Despite the hurdles facing the independent contractors and the carriers that use them – including misclassification, higher equipment and fuel costs and new regulations – the independent contractor model is as strong as ever. That was the message from a panel of leading fleet executives at the 2013 Truckload Carriers Association Independent Contractor Division Meeting in Chicago.
The panel discussion on opportunities and challenges of partnering with independent contractors was moderated by Todd Amen, president and CEO of ATBS, and included Tom Kretsinger, Jr., president of American Central Transport, Darrel Hopkins, director of leasing for Prime, Inc., and Aaron Tennant, president and CEO of Tennant Truck Lines.
“The independent contractors we have are true businessmen,” says Tennant. “These guys were the first to adapt to things like slowing trucks down and doing the things that we sometimes struggle to coach our company drivers to do. They understand it affects their pocketbooks.”
“Ten years ago, the owner-operator ran big hood tractors and averaged 5 mpg,” said Kretsinger. “Those guys have either retired or gone broke. Being an owner-operator today is more of a thinking man’s job. The fuel difference between 6 and 8 mpg can be $20,000 per year. That’s a huge difference.”
The attack on the independent contractor model continues to be a concern and is a growing issue for fleets that use lease-purchase programs to cultivate a new generation of independent contractors. Another issue troubling fleets is in the new era of the Compliance Safety Accountability is how to coach independent contractors on the importance of safe driving.

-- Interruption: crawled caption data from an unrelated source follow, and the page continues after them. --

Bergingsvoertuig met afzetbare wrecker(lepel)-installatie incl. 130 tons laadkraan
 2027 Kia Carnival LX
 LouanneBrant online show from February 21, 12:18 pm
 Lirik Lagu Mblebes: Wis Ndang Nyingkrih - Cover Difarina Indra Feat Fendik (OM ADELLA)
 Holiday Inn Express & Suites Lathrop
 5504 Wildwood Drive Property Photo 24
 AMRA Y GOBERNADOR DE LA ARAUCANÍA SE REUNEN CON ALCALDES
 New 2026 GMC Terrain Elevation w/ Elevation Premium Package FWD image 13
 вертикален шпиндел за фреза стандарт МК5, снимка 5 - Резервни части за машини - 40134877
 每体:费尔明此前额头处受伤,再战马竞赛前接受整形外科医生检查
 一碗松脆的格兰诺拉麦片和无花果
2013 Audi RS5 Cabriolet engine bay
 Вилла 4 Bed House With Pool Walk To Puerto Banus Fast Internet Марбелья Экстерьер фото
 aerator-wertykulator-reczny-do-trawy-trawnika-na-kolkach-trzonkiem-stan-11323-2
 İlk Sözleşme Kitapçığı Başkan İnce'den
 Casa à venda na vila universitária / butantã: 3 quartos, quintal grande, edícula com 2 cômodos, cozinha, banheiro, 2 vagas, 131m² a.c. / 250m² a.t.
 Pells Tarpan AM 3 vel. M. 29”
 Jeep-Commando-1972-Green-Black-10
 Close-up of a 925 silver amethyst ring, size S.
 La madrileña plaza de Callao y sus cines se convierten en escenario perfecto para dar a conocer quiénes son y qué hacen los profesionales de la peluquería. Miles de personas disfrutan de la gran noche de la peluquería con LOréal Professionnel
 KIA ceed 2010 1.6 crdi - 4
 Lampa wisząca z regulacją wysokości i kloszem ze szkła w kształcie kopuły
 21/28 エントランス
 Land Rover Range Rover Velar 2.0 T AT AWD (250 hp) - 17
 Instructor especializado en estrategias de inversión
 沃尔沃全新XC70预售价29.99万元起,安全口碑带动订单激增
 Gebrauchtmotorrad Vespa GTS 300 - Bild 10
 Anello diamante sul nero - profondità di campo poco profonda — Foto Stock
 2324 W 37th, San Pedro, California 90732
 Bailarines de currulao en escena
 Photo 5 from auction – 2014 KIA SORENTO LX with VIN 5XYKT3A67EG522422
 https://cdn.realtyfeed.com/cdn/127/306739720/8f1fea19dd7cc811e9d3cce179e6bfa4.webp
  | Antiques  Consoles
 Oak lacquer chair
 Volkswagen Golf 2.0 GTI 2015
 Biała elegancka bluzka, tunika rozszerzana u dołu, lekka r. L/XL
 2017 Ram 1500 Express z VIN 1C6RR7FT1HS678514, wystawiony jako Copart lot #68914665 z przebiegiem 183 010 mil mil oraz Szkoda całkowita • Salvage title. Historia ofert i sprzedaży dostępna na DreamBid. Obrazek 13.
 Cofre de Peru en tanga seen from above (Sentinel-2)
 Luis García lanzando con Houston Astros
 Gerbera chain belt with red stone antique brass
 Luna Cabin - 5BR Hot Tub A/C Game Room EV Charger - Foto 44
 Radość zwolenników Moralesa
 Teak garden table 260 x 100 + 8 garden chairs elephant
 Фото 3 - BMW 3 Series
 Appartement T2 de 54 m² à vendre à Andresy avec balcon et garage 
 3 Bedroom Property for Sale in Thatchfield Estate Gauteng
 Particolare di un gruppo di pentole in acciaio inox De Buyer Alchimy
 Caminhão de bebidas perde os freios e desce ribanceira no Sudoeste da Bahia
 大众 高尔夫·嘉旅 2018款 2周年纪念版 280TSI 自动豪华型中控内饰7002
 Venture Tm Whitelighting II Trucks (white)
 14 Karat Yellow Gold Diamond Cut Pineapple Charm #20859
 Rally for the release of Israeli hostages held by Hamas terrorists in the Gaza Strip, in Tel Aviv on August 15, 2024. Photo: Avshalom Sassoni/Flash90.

“There isn’t a problem to convey safety information [to independent contractors],” said Hopkins. “You may not be able to sit them in a training class and say ‘This is how you have to do it’ but we have an open forum and pass information back and forth. We train dispatchers on what information they need to convey. There’s a difference between training and just communicating. As business partners you still communicate information.”
At Tennant Truck Lines, the mindset used to be that the company didn’t want to treat independent contractors any differently than its company drivers. “We didn’t want them to think we were giving our company drivers better loads,” said Tennant. The company used to mix independent contractors in with company drivers among the dispatchers.
Tennant has since changed that practice, with one fleet manager dedicated to independent contractors and one dedicated to company drivers so that it can better convey different sets of messages to the distinct groups.